AIM OF THE TASK — The required output is a word-for-word restatement of the material below, from the line with "Mövenpick Istanbul Hotel Golden Horn 1" through its last line, inclusive.

DATA —
== Segment start ==
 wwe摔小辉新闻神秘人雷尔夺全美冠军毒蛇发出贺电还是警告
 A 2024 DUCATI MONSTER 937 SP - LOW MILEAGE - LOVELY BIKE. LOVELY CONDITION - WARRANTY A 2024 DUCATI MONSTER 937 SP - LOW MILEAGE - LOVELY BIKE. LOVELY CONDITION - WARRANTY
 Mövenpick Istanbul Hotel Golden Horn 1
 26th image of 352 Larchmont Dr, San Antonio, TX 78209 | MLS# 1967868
== Segment end ==
ANSWER BELOW —
 Mövenpick Istanbul Hotel Golden Horn 1
 26th image of 352 Larchmont Dr, San Antonio, TX 78209 | MLS# 1967868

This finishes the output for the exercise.